# hybrid DET



## mustang302 (Apr 30, 2002)

What kind of modifications have you done to your car


----------



## hybrid DET (Apr 15, 2002)

Check out the link in my signature for details. Got class, I'll be back later...


----------



## Nismodriver (Apr 30, 2002)

Thougt I would use this thread to brag ;o)
SMC short throw shifter, Primera SR20DE, T3/T4 turbo, HKS FMIC, 370 cc injectors, Walbro 255 lph fuel pump, Nismo adj, fuel pressure regulator, JWT ECU with 4 bar program, Pulsar GTiR MAF, SR16VE flywheel, ACT Xtreme PP and street Disc, MSD 6AL and blaster 3 coil, Greddy Profec B, Type R BOV, Oil catch can, Radiator cap, and oil cap, Deltagate wastegate, custom Silvia manifold, KYB GR2 struts, Intrax springs, SE-R cross drilled front and rear disc brakes, JWT S3 cams, Unorthodox 2 pulley set, 16" Enkei RF-1's with Kuhmo ECSTA 712's, custom dual front STB, Sentra SPort coupe seats with Schrothe Rallye 3 harnesses, 300zx turbo hood scoop, aluminum touring wing, and 4 doors.

Soon to have:
Custom intake manifold, Stainless Steel equal length exhaust manifold, Nissan Motorsports Suspension, Nissan Motorsports Euro Radiator, Nissan motorpsorts front air dam, Autopower roll bar, and Pulsar GTiR 444cc injectors.

John
New Orleans, LA


----------



## mustang302 (Apr 30, 2002)

Nissmodriver your car sounds awesome you must have spend a lot of money and time into it. I have plans for my car to but it's going to consist around a GA16DE.

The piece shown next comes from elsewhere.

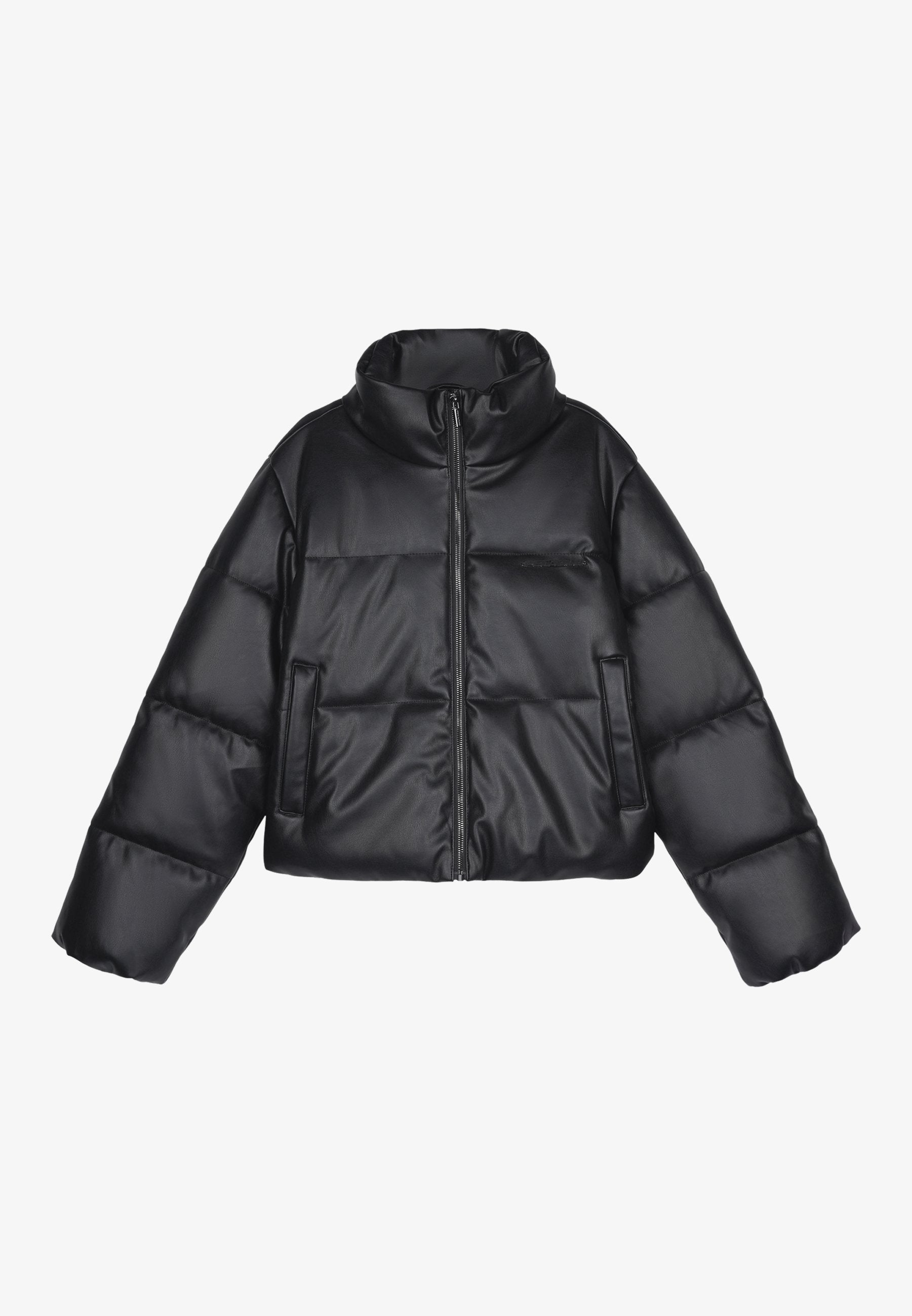 Schwarze gepolsterte Jacke mit hohem Kragen, ausgestattet mit einem Reißverschluss auf der Vorderseite, zwei vorderen Taschen und einer glänzenden, glatten Textur.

Do you have any pictures of your car beacause i wouls like to see it.


----------



## Nismodriver (Apr 30, 2002)

I do have some pics, but I have no idea how to post them here.


----------



## hybrid DET (Apr 15, 2002)

so... 

how's it runnin' john?

LoL


----------



## mustang302 (Apr 30, 2002)

Can you email them to me via hotmail


----------



## Exile (Apr 30, 2002)

*PICS*

i want some too [email protected] 

i wanna see the mighty b12!


----------



## RiceBox (Apr 30, 2002)

Nismodriver said:


> *I do have some pics, but I have no idea how to post them here. *


upload the pictures to www.printroom.com then attach them to your message using the


----------



## Nismodriver (Apr 30, 2002)




----------



## Nismodriver (Apr 30, 2002)

http://www.printroom.com/_vti_bin/V...modriver&album_id=70251&image_id=3&courtesy=1[/IMG][/IMG]


----------



## Nismodriver (Apr 30, 2002)




----------



## hybrid DET (Apr 15, 2002)

*hybrid's sentra*

Well i dont know how to resize these, sorry guys...

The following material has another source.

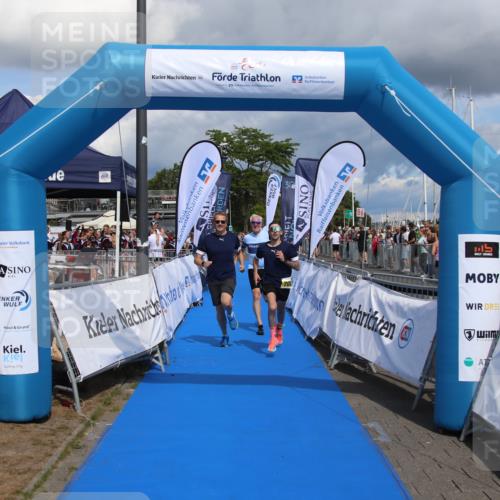 16.08.2026 - KN Förde Triathlon 2026 Markus Tischler http://msf.ph/oto/10002110 16.08.2026 13:51:41 Ziel 708, 708 meine-sportfotos.de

The Nismo Project and Chirs Munzio from SGHA








Engine compartment.


For more, check out the link in my signature.


----------



## Sr20 B12 (May 1, 2002)

John and Charles cars have come a long way! Love to see a clean hybrid (especially a B12).

I should have some pic of my father turbo B12 up soon, but he doesn't want me to post any untill it is completely finished, but here is the list:

1987 B12 hatchback (looks like the coupe and sedan)
Sr20det from a GTi-R
444cc injectors
97 Skyline GT-R fuel pump
GTi-R ECU and MAF
MSD 6AL with adj rpm box ( I can't remember what you call this thing!)
B14 Se-r tranni 
B&M Short Throw Shifter
ACT 4 puck clutch set (street/strip)
B13 Axles with Altima hubs
Altima disk brake conversion
B13 KYB AGX all around
Ebaich springs
3" Exhaust with HKS canister 
And awhole bunch of other stuff i'm forgetting!

I forgot to add the things to come, but some sooner than others list: 
B14 Rims with Nitto 555R's
GTi-R front seats
T4/T3 turbo (not till later on this year though)
Total flow stainless steel manifold
5 MSD 75/lb
FTF Fuel Rail
Possibly a completely different suspention set up or just GC Coilovers added to current.
SDS Engine management system is possible but recently started to look @ AEM (if they have a system for the SR20 by the time were ready for a standalone this might be the choice)


----------



## hybrid DET (Apr 15, 2002)

*big ups!*

Hey Mario!

How have you and you dad been? I hope John told you about the deals greg is giving out at mossy nissan. 



> John and Charles cars have come a long way!


simply put, I owe you and your dad alot for the help. I don't think I or john included would have been able to come this far without you guys.


----------



## RiceBox (Apr 30, 2002)

Nice car Nismodriver but I don't really like the wing and taillight covers, but it's all personal. That is a freaking beast of an engine!!! Do you have any 1/4 times???


----------



## Exile (Apr 30, 2002)

*That's it.*

I want one of those too...we'll see what the acura boys around here think of that!


----------



## Sr20 B12 (May 1, 2002)

*Re: big ups!*



hybrid DET said:


> *Hey Mario!
> 
> How have you and you dad been? *


Business has been really busy for him. It's like everyone and there best friend wants a Primera or DET swapped. The B12 took the back burner for most of the winter, so now it's finally getting the finishing touches.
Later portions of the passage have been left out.